→ **Brief**:
Reproduce only the lines that begin at the line with "Logitech G203 Lightsync" and run to the end of the entries; omit every picture.

[Brief descriptive captions]
—————
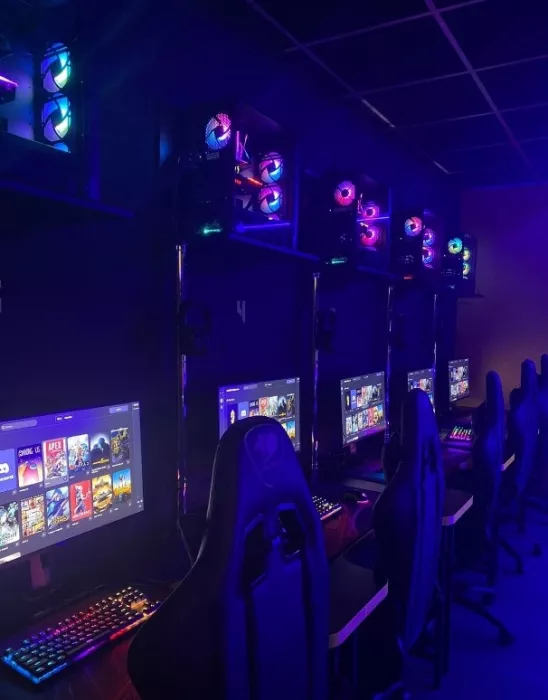 Компьютерный клуб "Imperium cyber сlub" в Динской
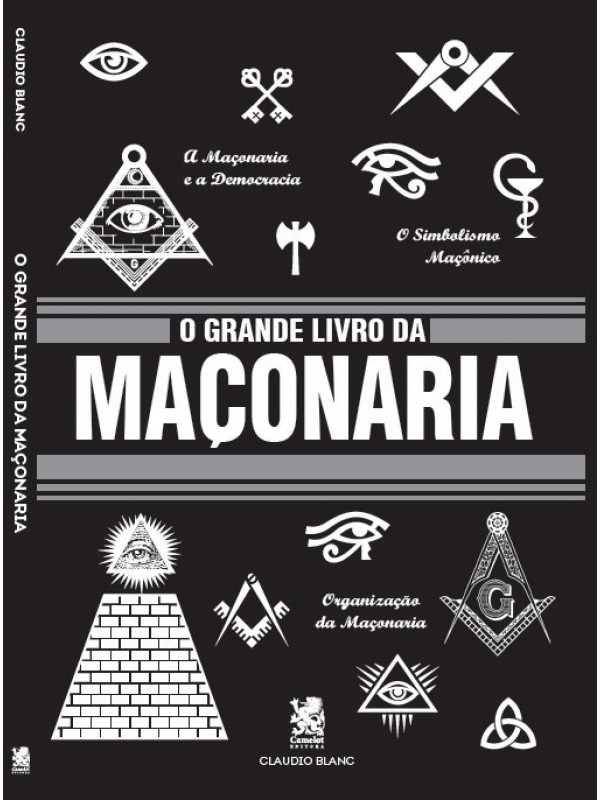 O Grande Livro da Maçonaria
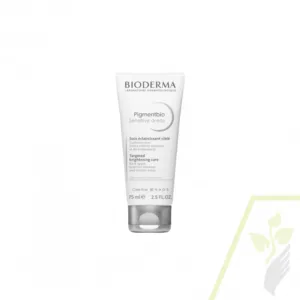 🧴 بيوديرما – كريم بيجمينت بيو سينسيتيف لتصبغات المناطق الحساسة – 75 مل  Bioderma Pigmentbio Sensitive Areas Brightening Cream – 75ml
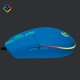 Logitech G203 Lightsync mouse USB tipo A 8000 DPI 910 005798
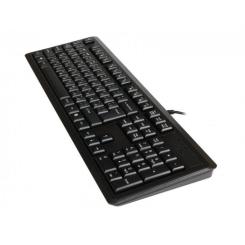 Клавиатура A4Tech KR-92 Black Фото 4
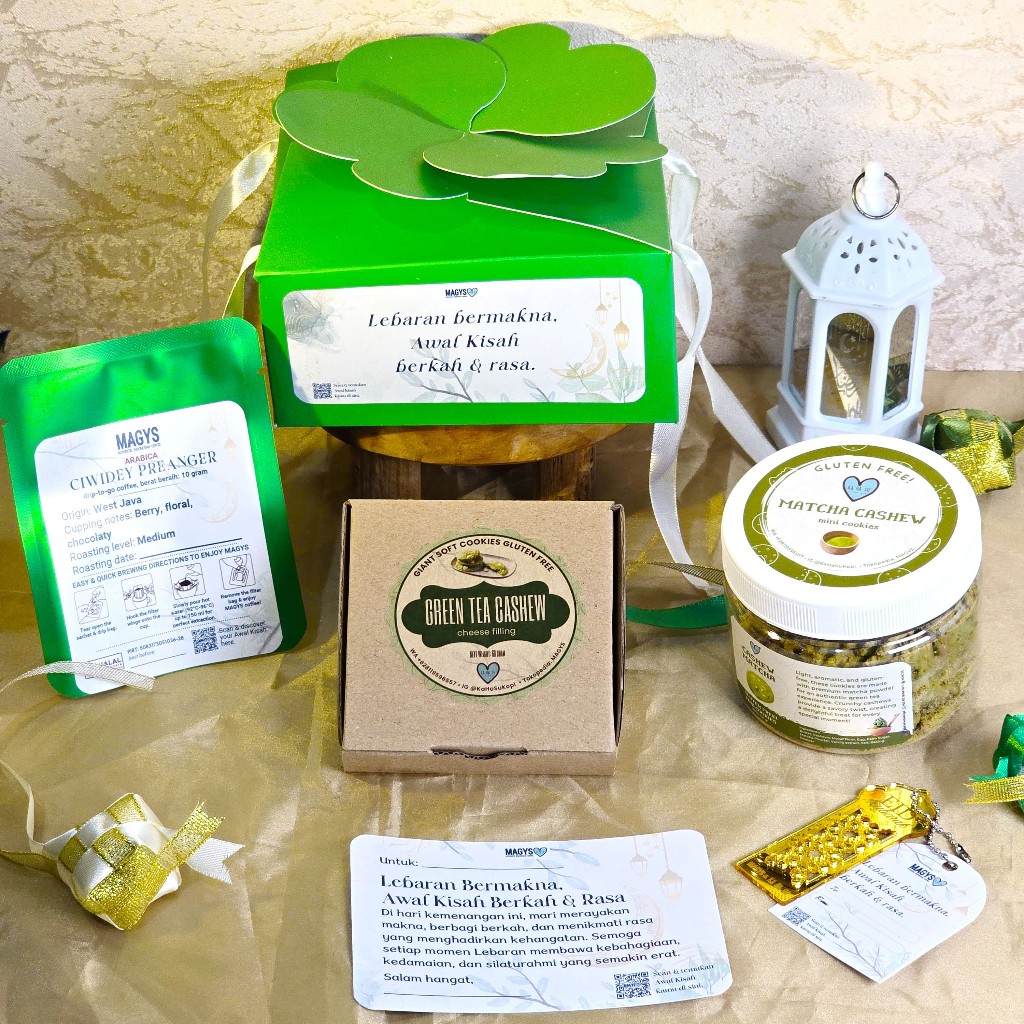 

DAMAI - Hampers Lebaran PREMIUM Bingkisan Parcel Parsel Idul Fitri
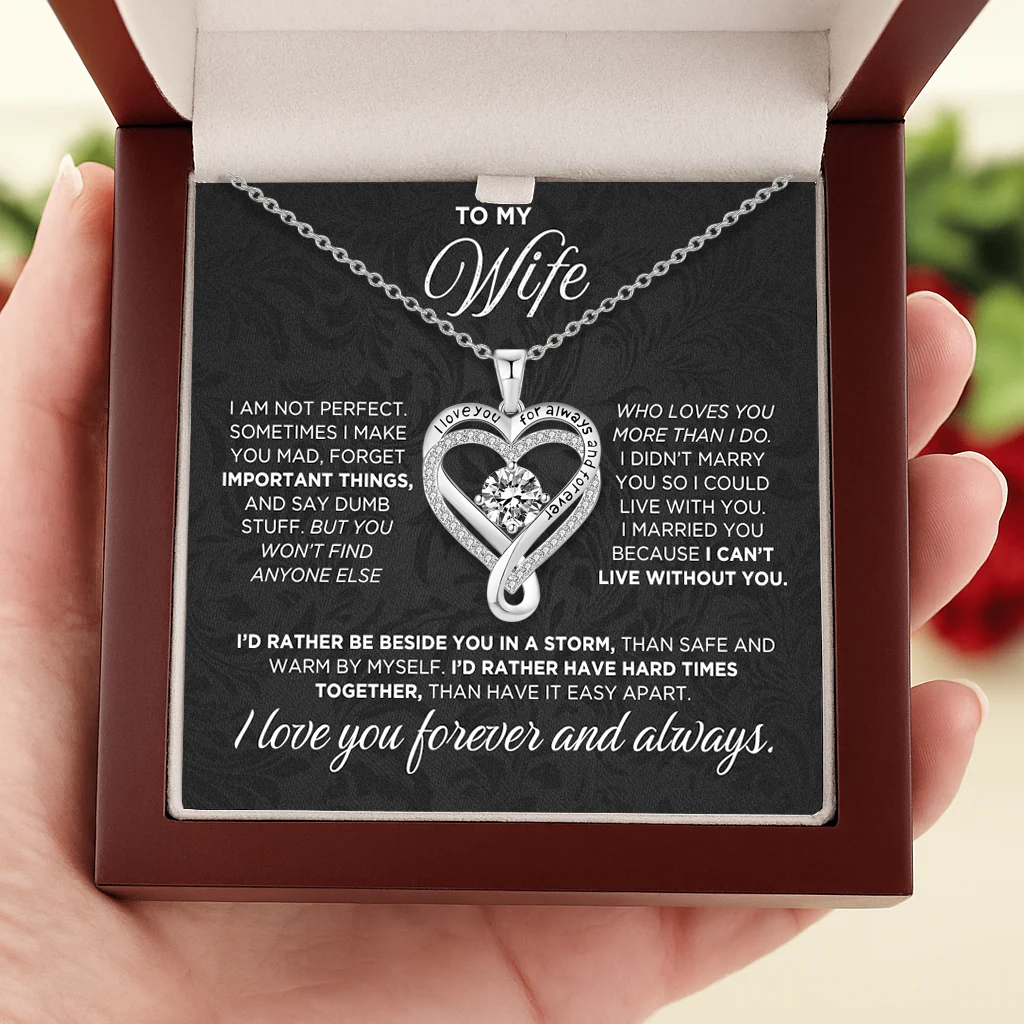 My Wife : A Love That Never Ends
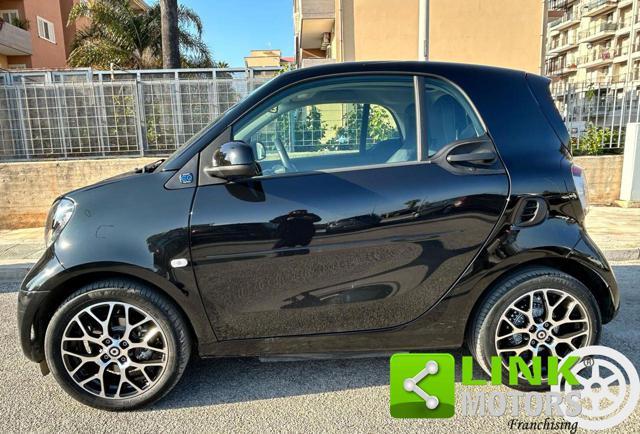 SMART ForTwo EQ Prime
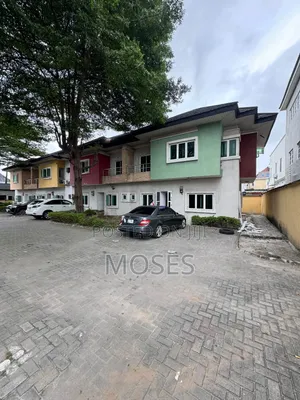 4bdrm Duplex in Well Secured Estate, Ikate-Elegushi for rent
—————
→ **Answer to the exercise**:
 Logitech G203 Lightsync mouse USB tipo A 8000 DPI 910 005798
 Клавиатура A4Tech KR-92 Black Фото 4

DAMAI - Hampers Lebaran PREMIUM Bingkisan Parcel Parsel Idul Fitri
 My Wife : A Love That Never Ends
 SMART ForTwo EQ Prime
 4bdrm Duplex in Well Secured Estate, Ikate-Elegushi for rent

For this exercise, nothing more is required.